PROBLEM: Print out the entries from the line containing "Kids 23-24 Al-Nassr" through the last line, exactly, and print nothing else. Pictures are not copied.

GIVEN DATA section start

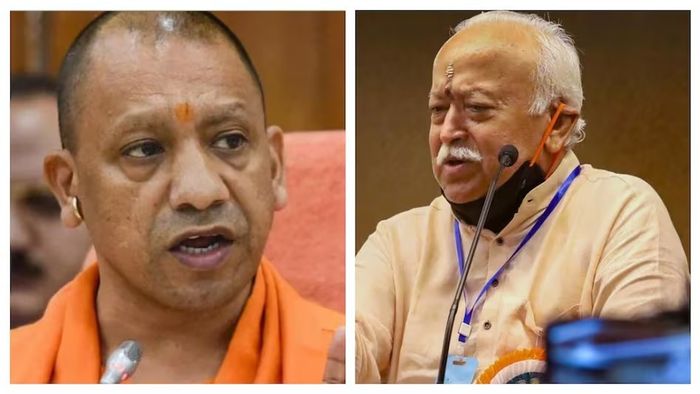 যোগী আদিত্যনাথ এবং মোহন ভাগবত।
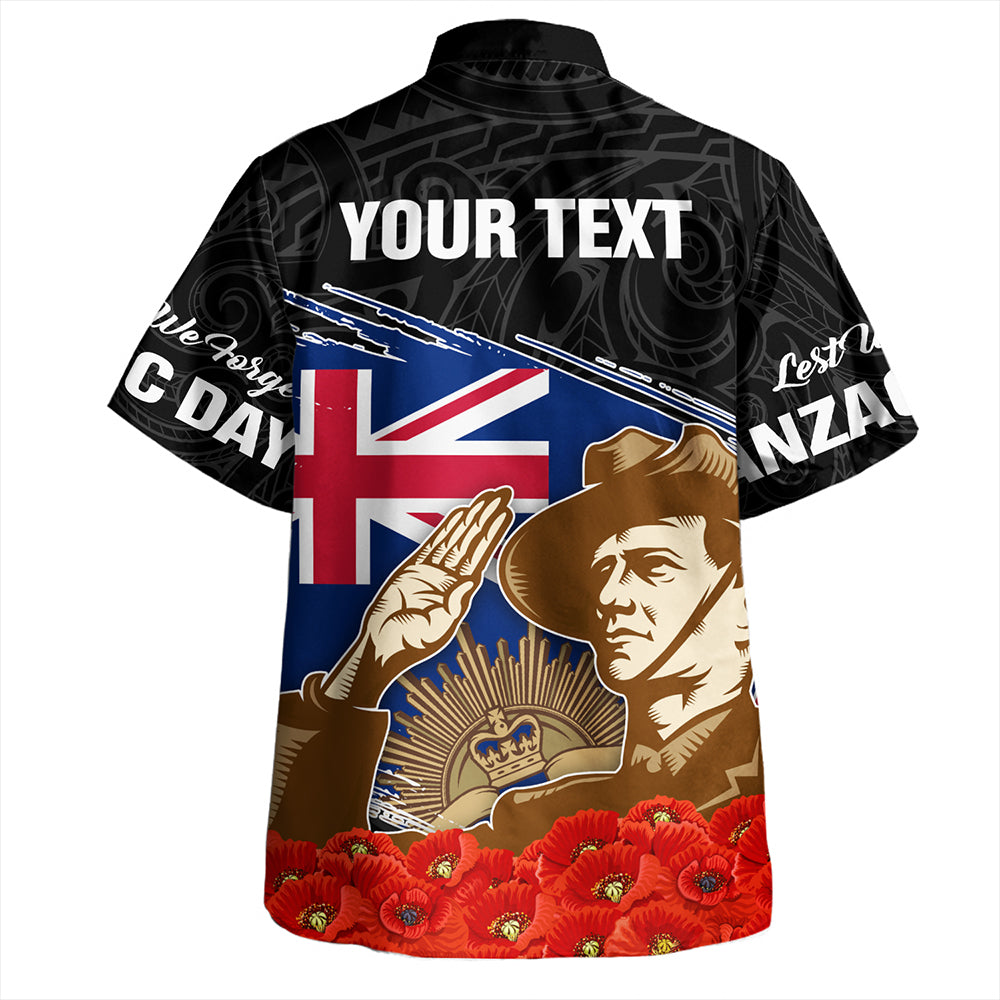 New Zealand Hawaiian Shirt Custom Remembrance Day The Red Poppy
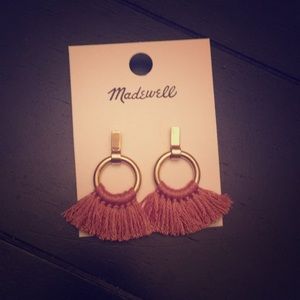 Madewell Tassel Hoop Earrings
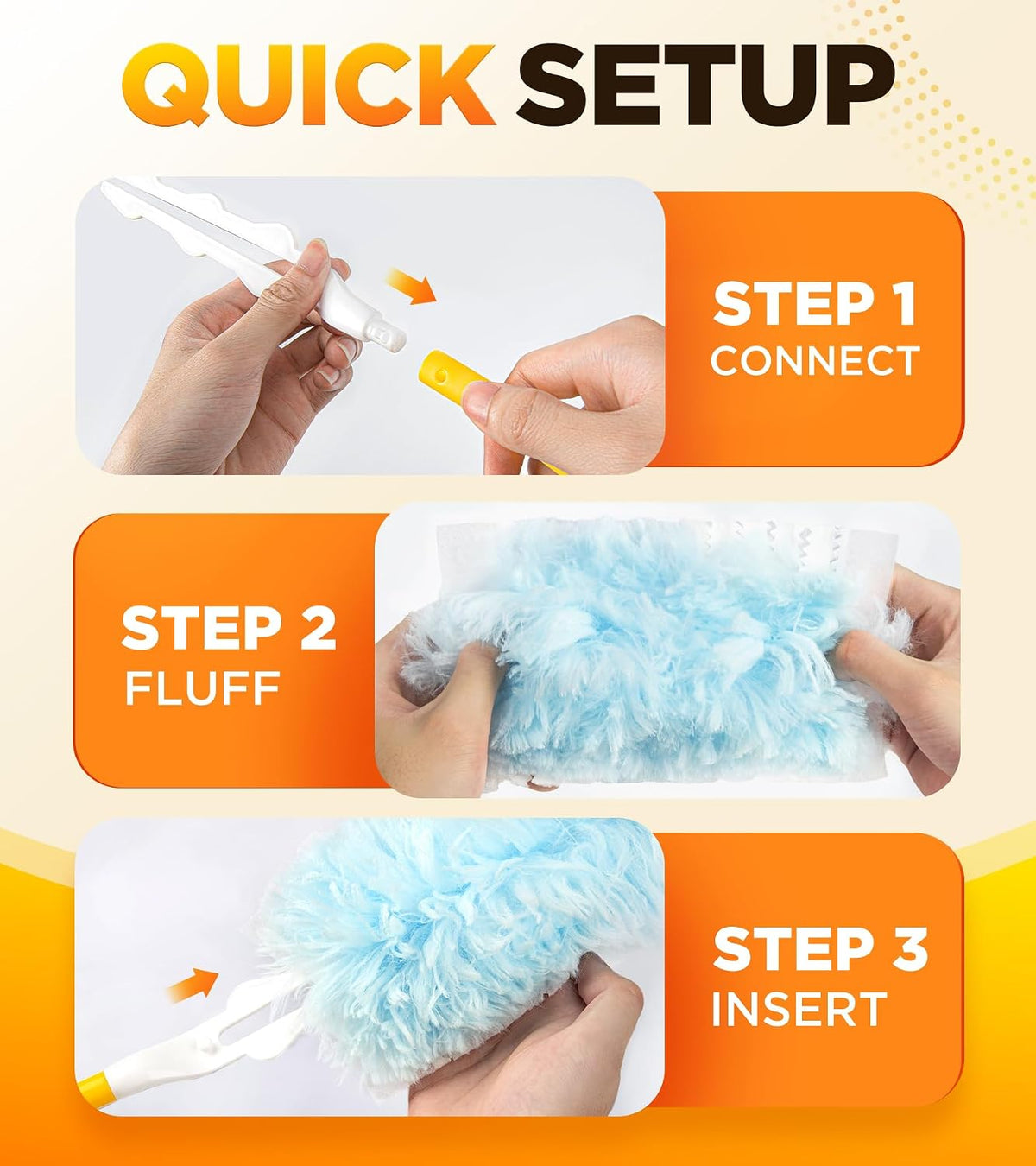 REKOPI 30 Count One-Sided Duster Refills Compatible with Swiffer Duster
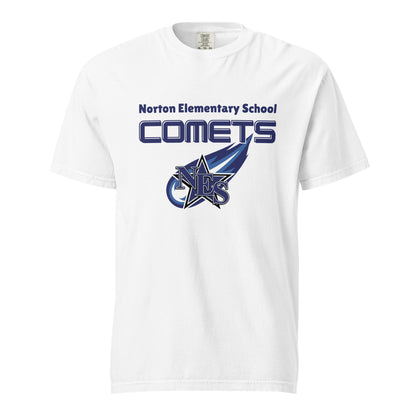 Signature | Comfort Colors T-Shirt | Norton Elementary School | Space Script Logo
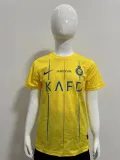 Kids 23-24 Al-Nassr FC home (Player Version) Thailand Quality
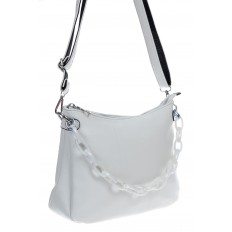 На фото 2 - Женская сумка кросс-боди из искусственной кожи, цвет белый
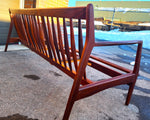 REUPHOLSTERED REFINISHED Mid Century Modern Teak 3-Seater Sofa by R. Huber 4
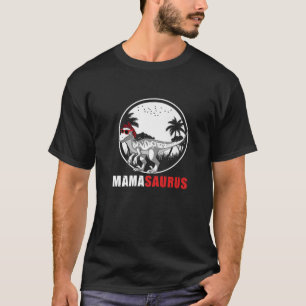Mamasaurus Velociraptor Dinosaur Plaid Headscarf S T-Shirt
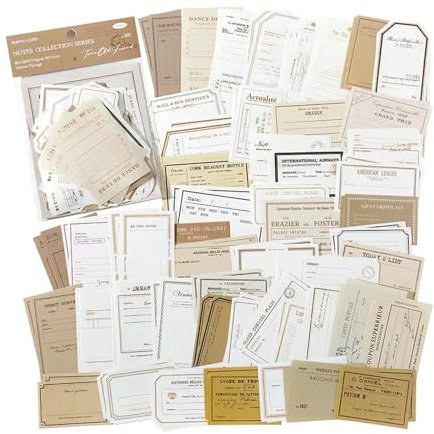 WaLdor Scrapbook-Zubehör 100 Stück Memories Prologue Vintage Haftnotizen aus Papier for Handbuch, DIY, Dekoration, Scrapbook, Planer, Tagebuch, Schreibwaren Scrapbook-Aufkleber (Color : D)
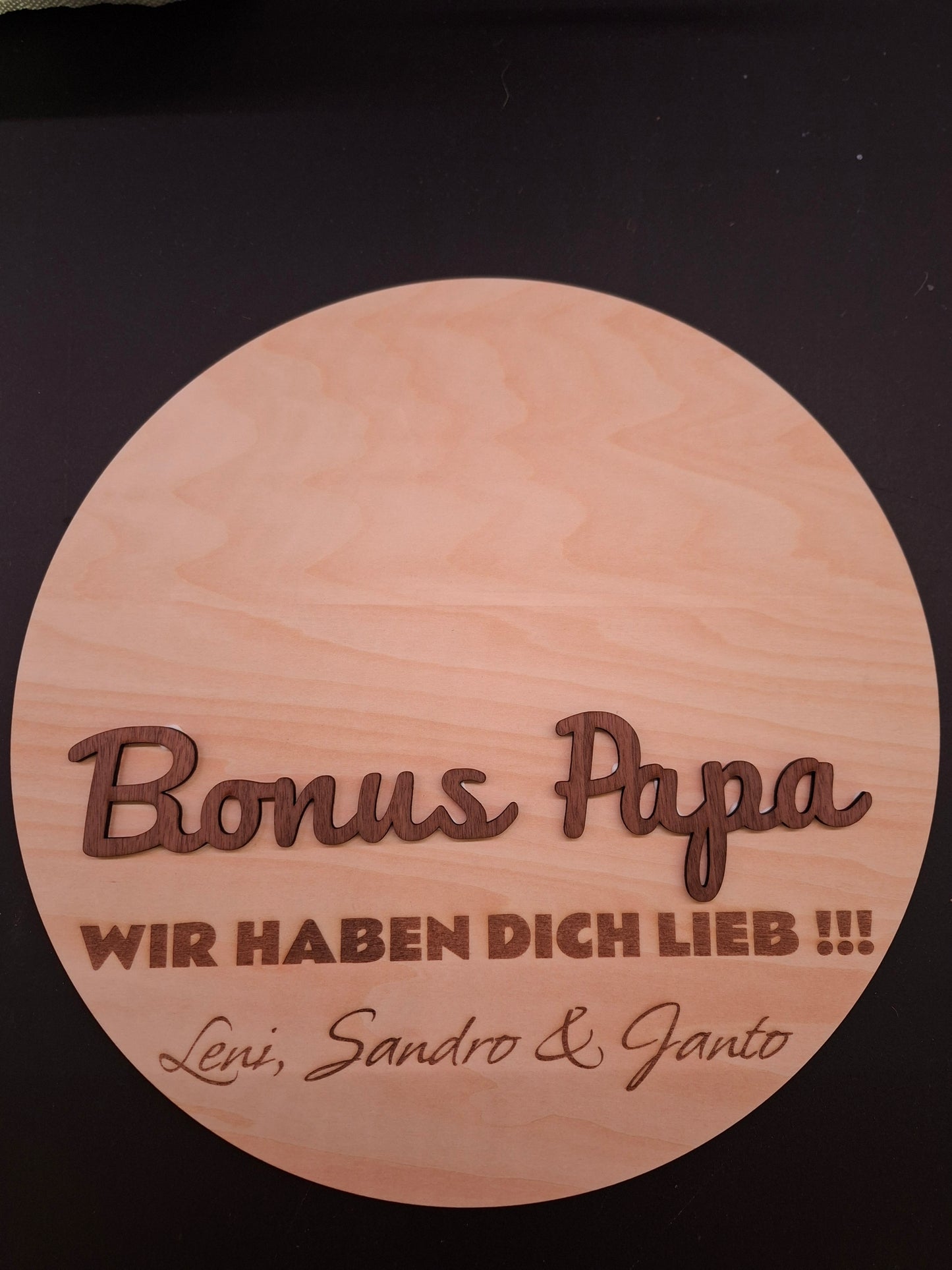 Vatertagsgeschenk / Handabdruck personalisiert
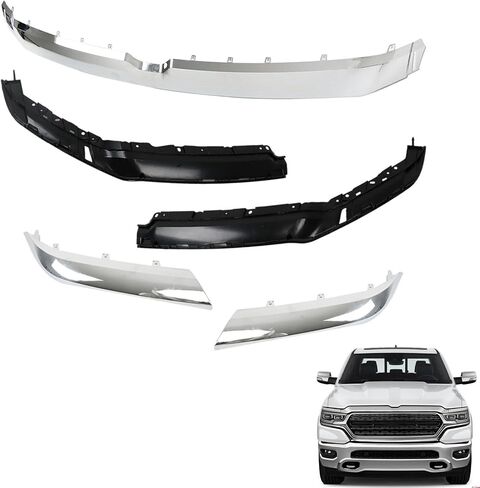 الشبكة الأمامية الشريحة الصلبة الصلبة البلاستيكية مع استبدال الأقواس لعام 2019-2022 RAM 1500 in Saudi Arabia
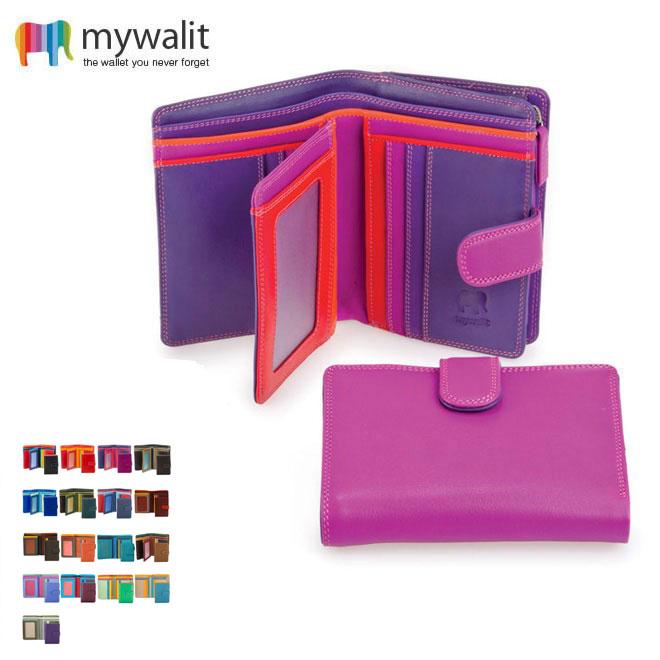 財布 2つ折り ウォレット mywalit マイワリット カーフ レザー MY390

GIVEN DATA section end

TASK SOLUTION:
 Kids 23-24 Al-Nassr FC home (Player Version) Thailand Quality
 На фото 2 - Женская сумка кросс-боди из искусственной кожи, цвет белый
 REUPHOLSTERED REFINISHED Mid Century Modern Teak 3-Seater Sofa by R. Huber 4
Mamasaurus Velociraptor Dinosaur Plaid Headscarf S T-Shirt
 WaLdor Scrapbook-Zubehör 100 Stück Memories Prologue Vintage Haftnotizen aus Papier for Handbuch, DIY, Dekoration, Scrapbook, Planer, Tagebuch, Schreibwaren Scrapbook-Aufkleber (Color : D)
 Vatertagsgeschenk / Handabdruck personalisiert
 الشبكة الأمامية الشريحة الصلبة الصلبة البلاستيكية مع استبدال الأقواس لعام 2019-2022 RAM 1500 in Saudi Arabia
 財布 2つ折り ウォレット mywalit マイワリット カーフ レザー MY390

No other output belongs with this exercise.